To hunt or not hunt wolves can't be quantified as simply as men vs. women, hunters vs. anti-hunters, Democrats vs. Republicans or city vs. rural.
What's truly fueling the divisive debate is fear of wolves or the urge to care for canis lupis. The social dynamics at play and potential options for establishing common ground between sides can be found in the current issue of the journal PLOS ONE.
"People who are for or against this issue are often cast into traditional lots, such as gender, political party or where they live," said Meredith Gore, associate professor of fisheries and wildlife and co-lead author of the study. "This issue, however, isn't playing out like this. Concerns about hunting wolves to reduce conflict are split more by social geography and less by physical geography."
It's definitely an us-versus-them debate, she added. However, it took the concept of social identity theory to better reveal the true "us" and "them." Applying principles from social psychology revealed how the two groups were interacting and offers some potential solutions to get the vying groups to work together.

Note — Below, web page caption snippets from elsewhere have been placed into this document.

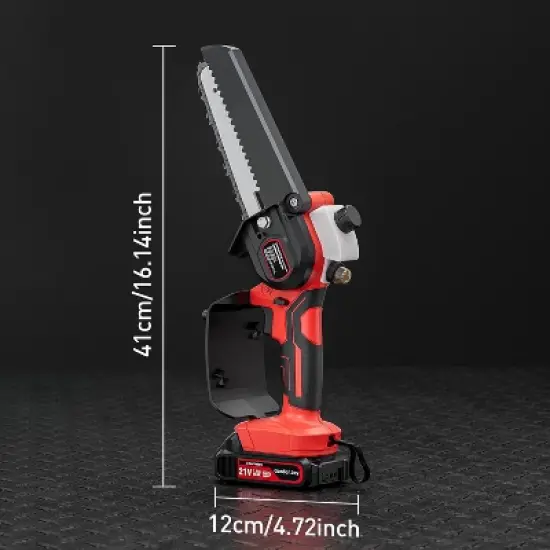 Gardenjoy Cordless Mini Chainsaw - 6 Inch - 21V with 2 Batteries & 2 Chains - Safety Lock & Auto Oiler image {4}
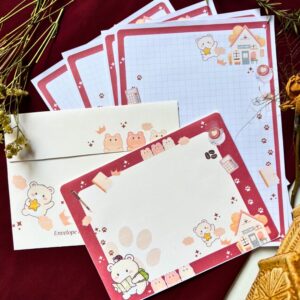Cute bear-themed letter set with 4 printed letter sheets and 2 matching printed envelopes featuring illustrated bear designs.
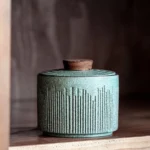 textured ceramic tea canister with wood lid main view
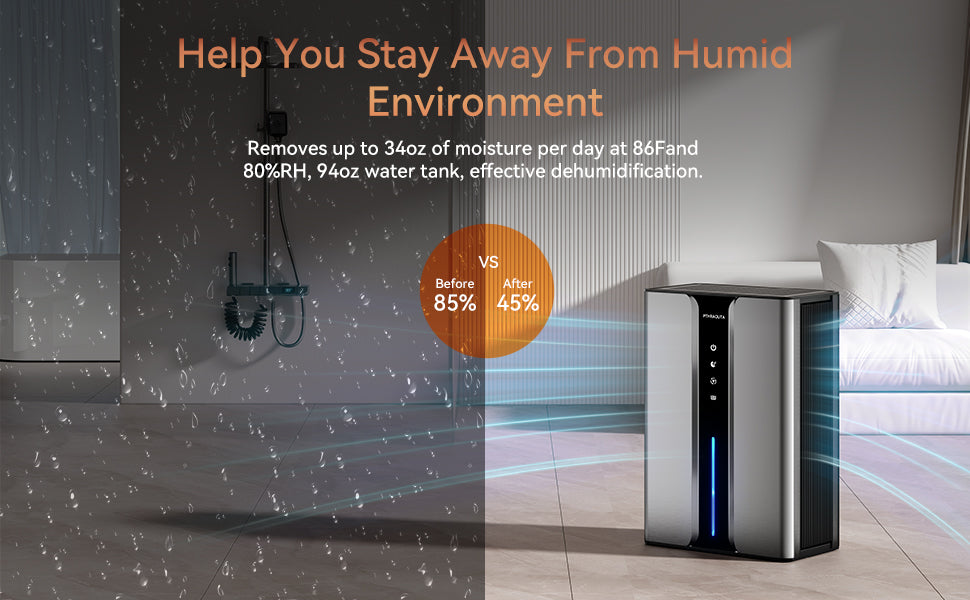 PTHRAOUTA Dehumidifier for Room for Home, 50 OZ Water Tank(1000 sq.ft) Dehumidifiers Safe Drainage Auto-off Odor Removal 2 Duak-Core Portable Small Dehumidifier for Basement Bathroom H10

The team's findings are comparable, in part, to civil uprisings in the Middle East. The region is far removed from the United States, in terms of geography. Americans, however, tend to identify with a distant, threatened identity group, said Gore, an MSU AgBioResearch scientist.
"The concept of how our identity drives our activism is quite interesting," said Gore, who co-led the research with Michelle Lute, former MSU fisheries and wildlife graduate student who's now at Indiana University. "Our findings challenge traditional assumptions about regional differences and suggest a strong role for social identity in why people support or oppose wildlife management practices."
The majority of the nearly 670 surveys were collected from Michigan stakeholders interested in wolf-hunting as a management response to wolf conflicts. However, a small percentage of the data was gathered from participants in 21 states. While the study focused on gray wolves in Michigan, its results have implications for other states' policies on wolves as well as other large carnivores such as brown bears, polar bears, mountain lions and other predators, Gore added.
Noting that there's sharp polarization in debates about wolf management is not new. However, providing empirical evidence of its existence is new and meaningful because it provides a framework for improving engagement between the fighting factions.
For example, communications may be better directed toward each identity group's concerns of fear and care for wolves. These missives could be more effective than messages simply directed toward pro-hunters or anti-hunters. Identity-specific communications may also help build trust between agencies and stakeholders.
"These types of communications may not only build trust, but they can also contribute to a sense of procedural justice," Gore said. "This, in turn, may increase support for decision-makers and processes regardless of the outcome."
Also, by shaping and discussing the issue in terms of care and fear, rather than traditional qualifiers, may help usher in a greater agreement about management strategies.
Additional researchers working on this paper include Adam Bump, Michigan Department of Natural Resources.